◆ **TASK DIRECTIONS**: From the first line to the last, restate the material word for word, omitting pictures.

◆ **RECORD SET**:

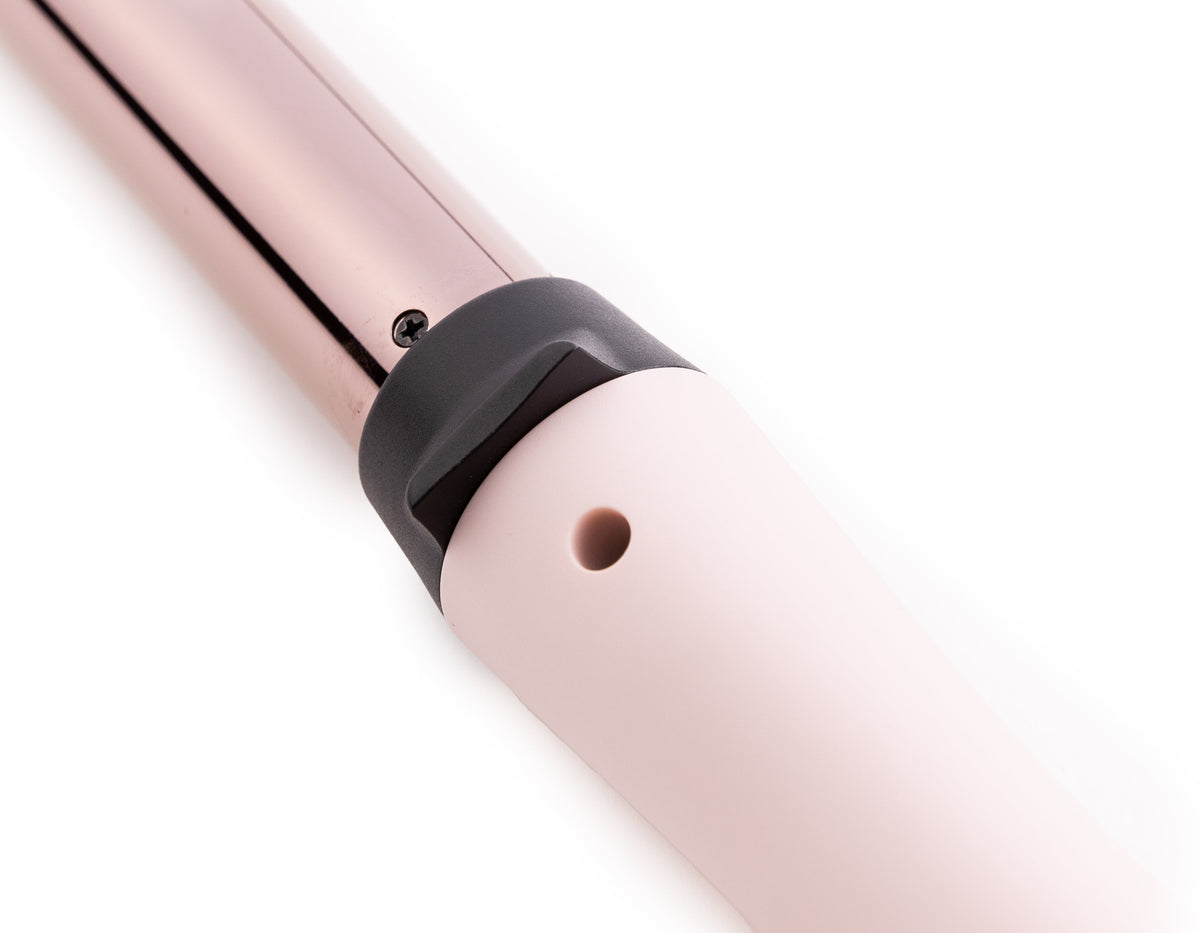 Zoomed in view of blush 25mm titanium barrel with soft touch ergonomic handles 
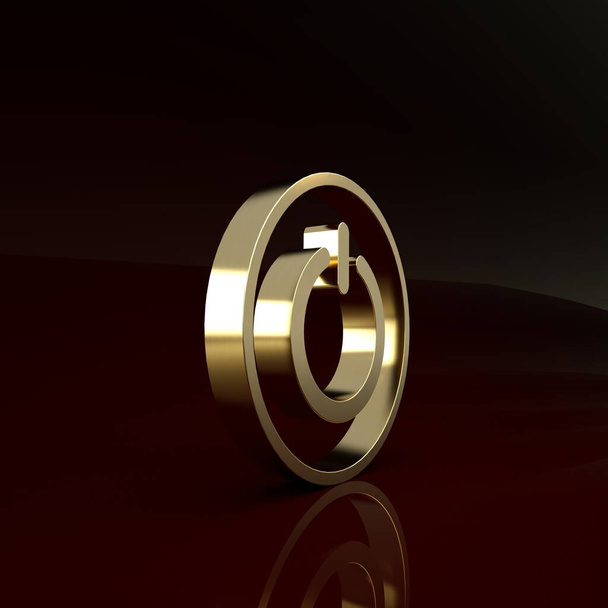 Золотая кнопка питания значок изолирован на коричневом фоне. Начинай. Концепция минимализма. 3D-рендеринг
 - Фото, изображение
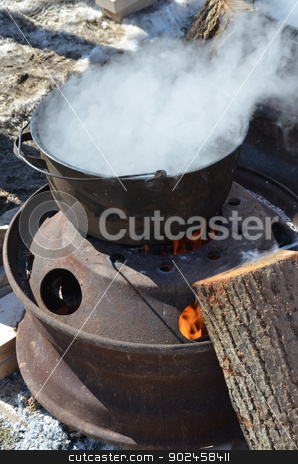 To use this stock image in your creative project, please select the size you need over to the right and click the "Add to Cart" button.
Your downloaded image will come with the Cutcaster watermark removed so don’t worry about the watermark you see on this page. Preparing Maple Syrup stock photo, The process of boiling maple sap to create maple syrup, using a traditional method. by Maria Bell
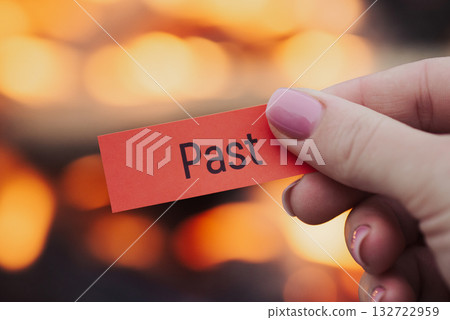 Small red sheet of paper in female hand with word "past" on it. Release from pain, mistakes and problems of the past 132722959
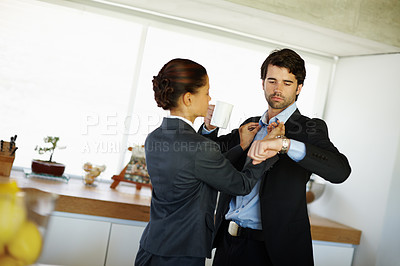 Buy stock photo Attractive woman fixes her husbands collar while he checks his watch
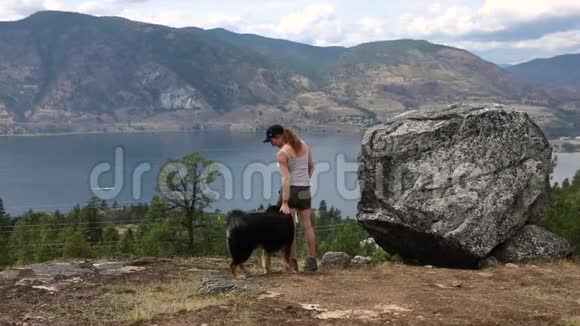 女人和狗看着湖和山视频的预览图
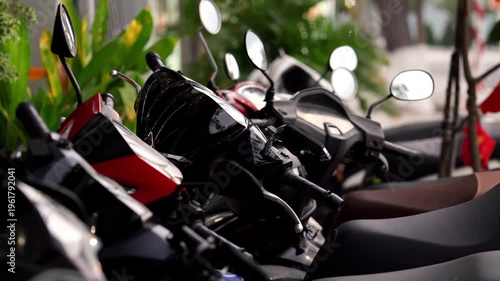 Motorcycles lined up in a parking area during daytime at a tropical location near plants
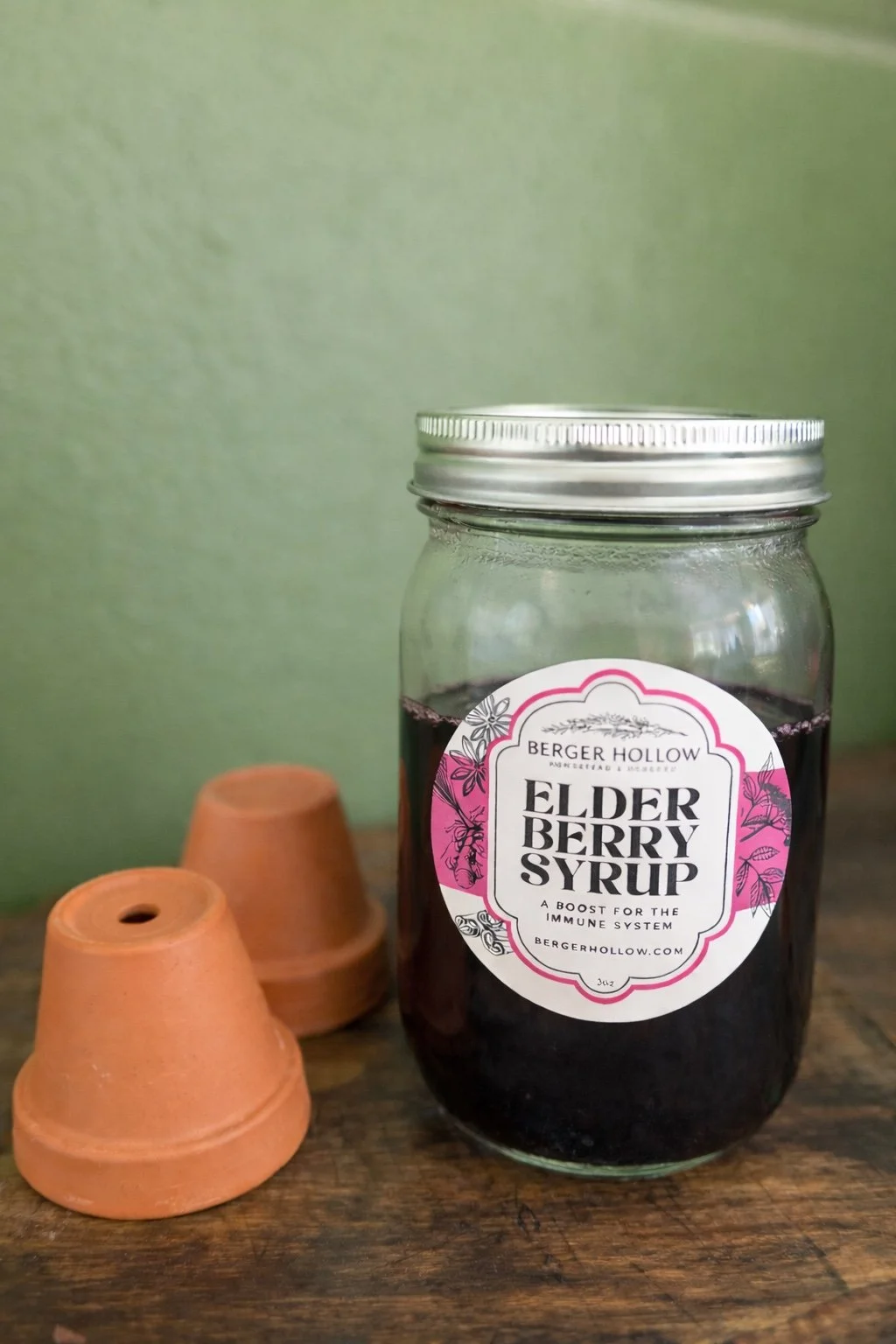 A glass jar of elderberry syrup with a metal lid, placed on a wooden surface, next to two small terracotta pots, against a green wall background.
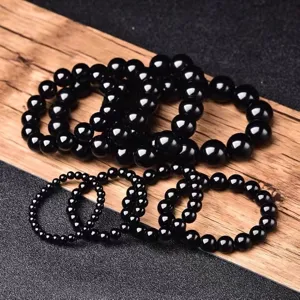 Dettaglio del bracciale di perle in ossidiana nera con perline di pietre preziose rotonde e lucide.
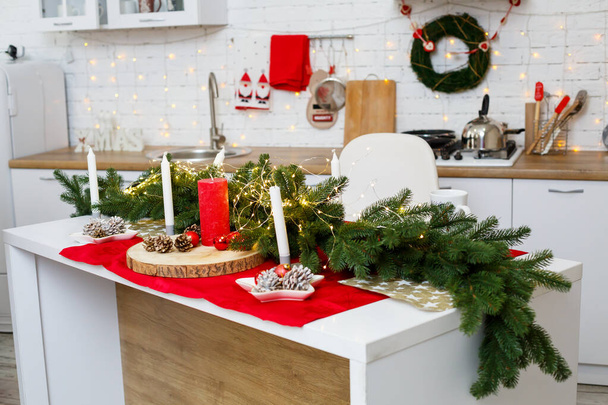 Πράσινο χριστουγεννιάτικο δέντρο, διακοσμημένο με μπάλες, χριστουγεννιάτικα στολίδια, κίτρινες γιρλάντες. Πρωτοχρονιάτικα στολίδια στην κουζίνα. Πρωτοχρονιά. Διακόσμηση στο σπίτι για τα Χριστούγεννα. - Φωτογραφία, εικόνα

◆ **RESPONSE BELOW**:
 Zoomed in view of blush 25mm titanium barrel with soft touch ergonomic handles 
 Золотая кнопка питания значок изолирован на коричневом фоне. Начинай. Концепция минимализма. 3D-рендеринг
 - Фото, изображение
 To use this stock image in your creative project, please select the size you need over to the right and click the "Add to Cart" button.
Your downloaded image will come with the Cutcaster watermark removed so don’t worry about the watermark you see on this page. Preparing Maple Syrup stock photo, The process of boiling maple sap to create maple syrup, using a traditional method. by Maria Bell
 Small red sheet of paper in female hand with word "past" on it. Release from pain, mistakes and problems of the past 132722959
 Buy stock photo Attractive woman fixes her husbands collar while he checks his watch
 女人和狗看着湖和山视频的预览图
 Motorcycles lined up in a parking area during daytime at a tropical location near plants
 A glass jar of elderberry syrup with a metal lid, placed on a wooden surface, next to two small terracotta pots, against a green wall background.
 Dettaglio del bracciale di perle in ossidiana nera con perline di pietre preziose rotonde e lucide.
 Πράσινο χριστουγεννιάτικο δέντρο, διακοσμημένο με μπάλες, χριστουγεννιάτικα στολίδια, κίτρινες γιρλάντες. Πρωτοχρονιάτικα στολίδια στην κουζίνα. Πρωτοχρονιά. Διακόσμηση στο σπίτι για τα Χριστούγεννα. - Φωτογραφία, εικόνα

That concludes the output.